As I said, she's a busy lady, so she may have overlooked the fact the lower North Island's been growing for nigh on 200 years without a supercouncil.
We in the Wairarapa view Wilde's supercouncil with the same regard Basil Fawlty viewed his wife's garden gnome and we know what we'd like to do with it. South Wairarapa Mayor Adrienne Staples is more polite, stating: "We don't want a bar of it."
The jury's still out on the Auckland Supercity. Formed in part to end bickering between mayors, fights have just shifted to central government - witness the politicking over funding the inner-city rail loop and northern highway, and Maori statutory board.
Same bones, different dogs.
Ousted Wellington mayor Kerry Prendergast started this Supercity megalomania, arguing a bigger entity was needed to compete with Auckland for funding. Some of us worked to make sure she got dumped because Wairarapa's rates would just end up being an ATM machine for Wellington's infrastructure.
An informal alliance of savvy representatives can just as easily lobby ministers as a supercouncil. But leaving aside financial issues, there are other reasons supercouncils are bad.
Yet again, New Zealand is suffering a tragedy and this time it's in my neighbouring town, Carterton, which has flags at half-mast for 10 holidaymakers and their pilot who clambered into the basket of a hot-air balloon then, 45 minutes later, met a terrible death.

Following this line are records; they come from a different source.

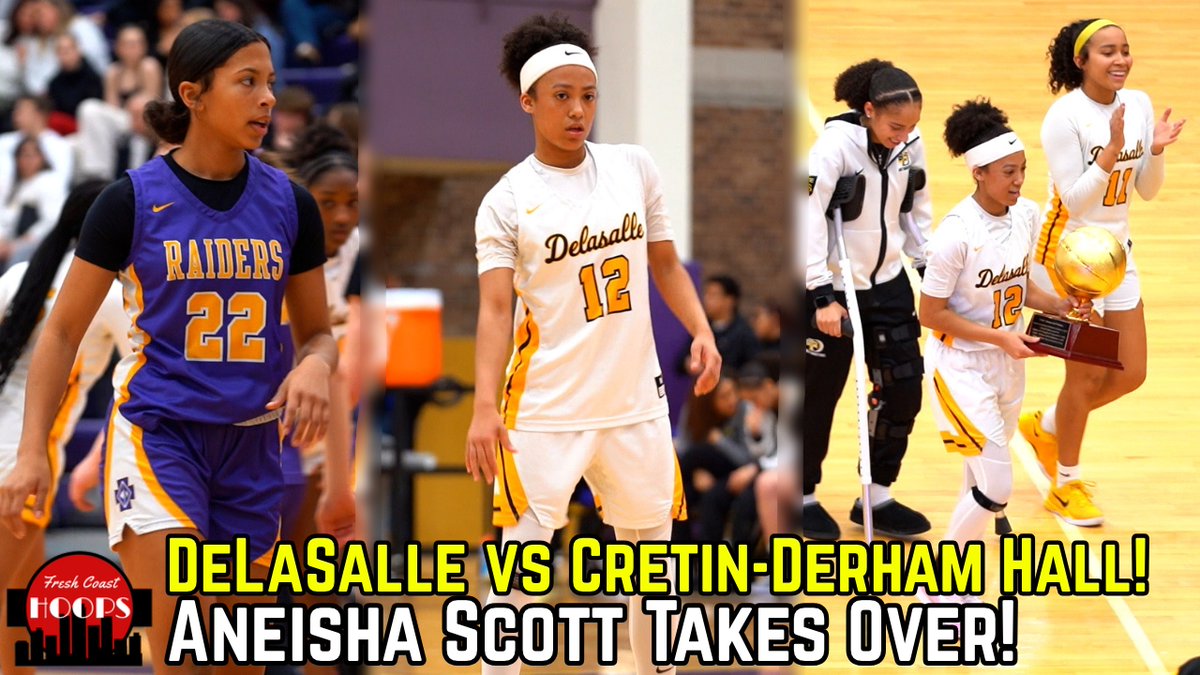 New Video!

DeLaSalle Takes On Cretin-Derham Hall! Aneisha Scott Takes Over!

Full video: youtube.com/watch?v=HSSPFH…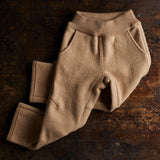 Boiled Wool Pull On Trousers - Caramel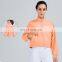 Women Yoga Gym Fitness Sun Protection Tops Wholesales Zip Up Sleeve Sports Jackets With Pockets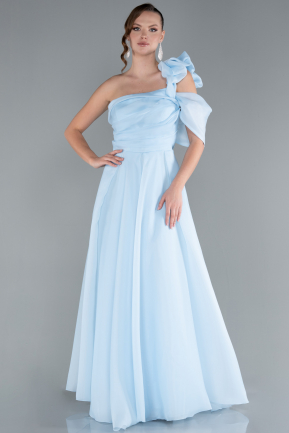 Robe de Soirée Longue Bleu clair ABU4727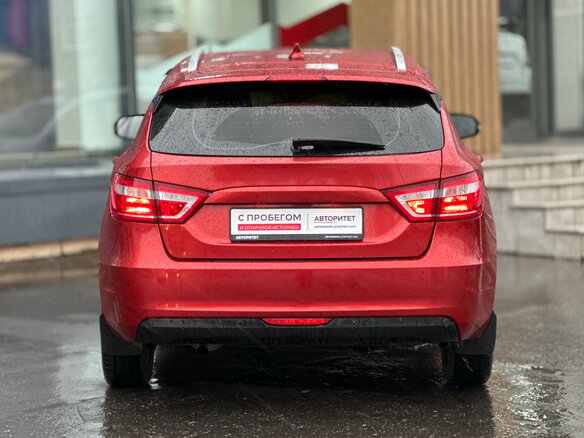 2020 Lada (ВАЗ) Vesta SW I, красный, 1119000 рублей - вид 4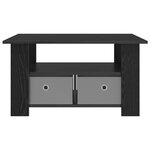 vidaXL Table basse Chêne noir 77 x 55 x 42 cm Bois d'ingénierie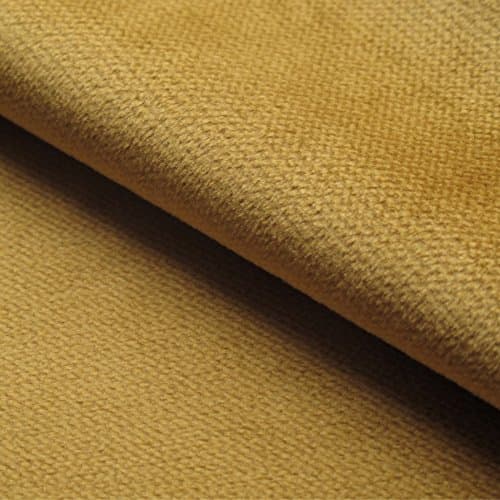 Loome Oberon 'Ingot Plain' : Gold Velvet Upholstery Fabric from Fabrics, Sample 10 x 14 cm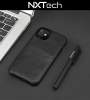 NXTech iPhone 12 Mini Slim Black Leather Wallet Case - 2 Card Slots Photo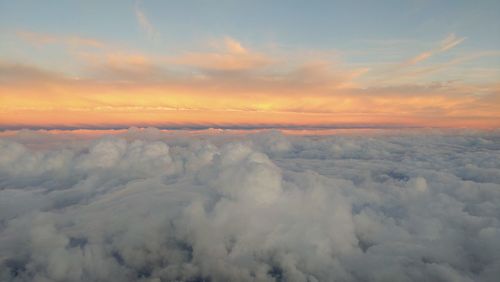 Scenic view of cloudscape during sunset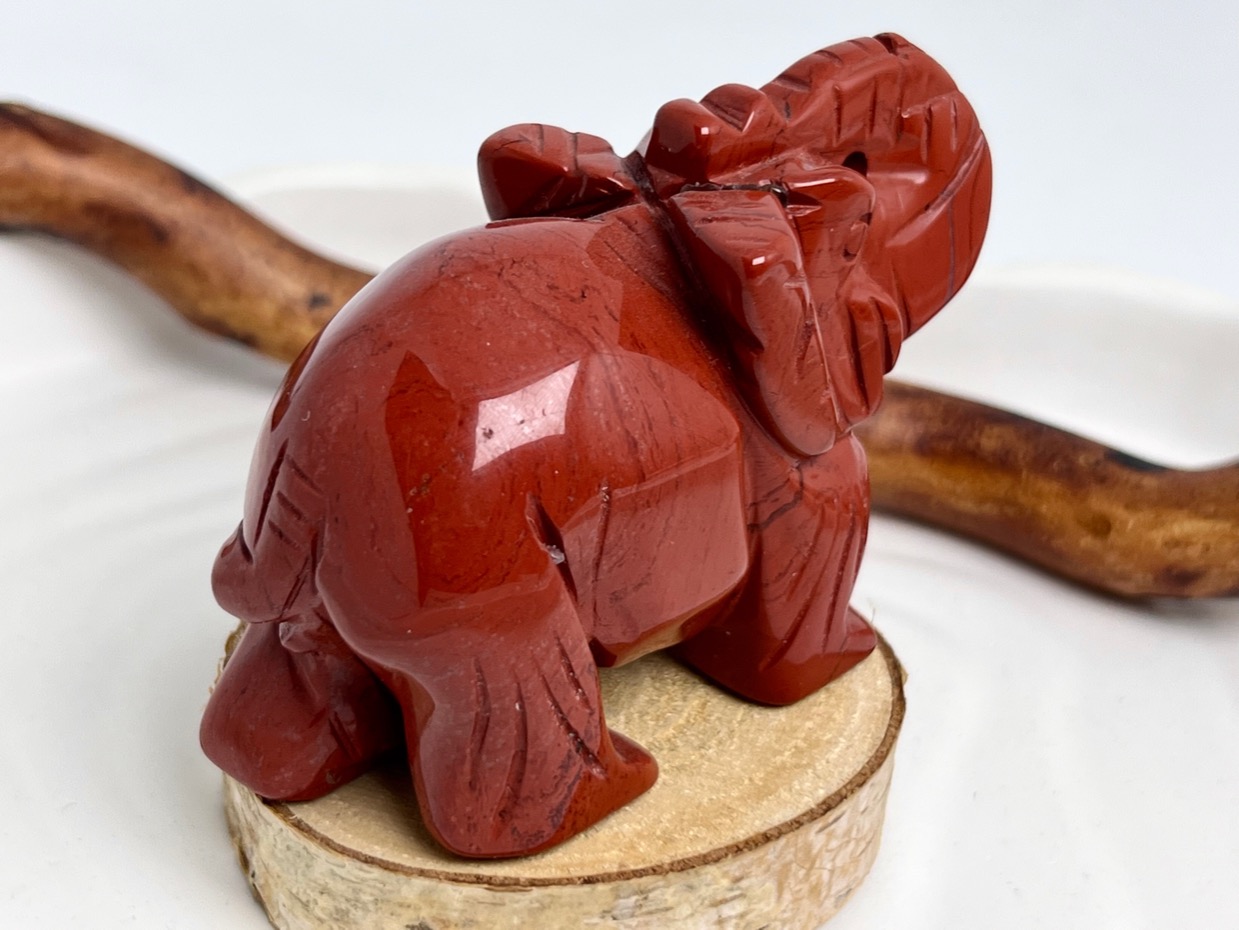 Слон из красной яшмы FG-0425, фото 4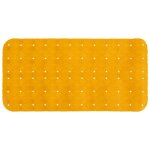 Tapis fond de baignoire 35 x 70 cm colorama moutarde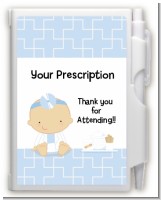 Little Doctor On The Way - Baby Shower Personalized Notebook Favor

Somerset Rd, formerly my shortcut to the plant shop and still closed to traffic this week, will evermore be sad.
I was in Tasmania watching this unfold in the media, holding my breath as the victims were named and I was so grateful to see the familiar face of Carterton Mayor Ron Mark there among his people.
How comforting to know Mark would have been on first-name terms with police, ambulance drivers, victim support, whanau, priests and vicars, and relatives of the deceased. Mark and his partner, Christine Tracey, see these people in the street every day.
Would the new supermayor, based in Wellington, know these people?
Does the South Island really want to be corralled into one big Canterbury Supercity, a la Auckland, with supermayor?
If I lived across Cook Strait, I'd be tucking a garden gnome under my arm right now, ready for insertion into someone's bottom.
The point is, people get lost in these big supercities - they have no voice. Is Super Auckland any better now? I pay rates in Auckland but I have no say and that stinks.
Where I live, Martinborough, is small and democratic. Mayor Adrienne Staples knows most of the people. She and the vicar, May Croft, when officiating at ceremonies together, joke that they are rent-a-mayor and rent-a-prayer.
It's been years since I read Schumacher's Small is Beautiful but maybe he was half-right after all: "Economics as if people mattered."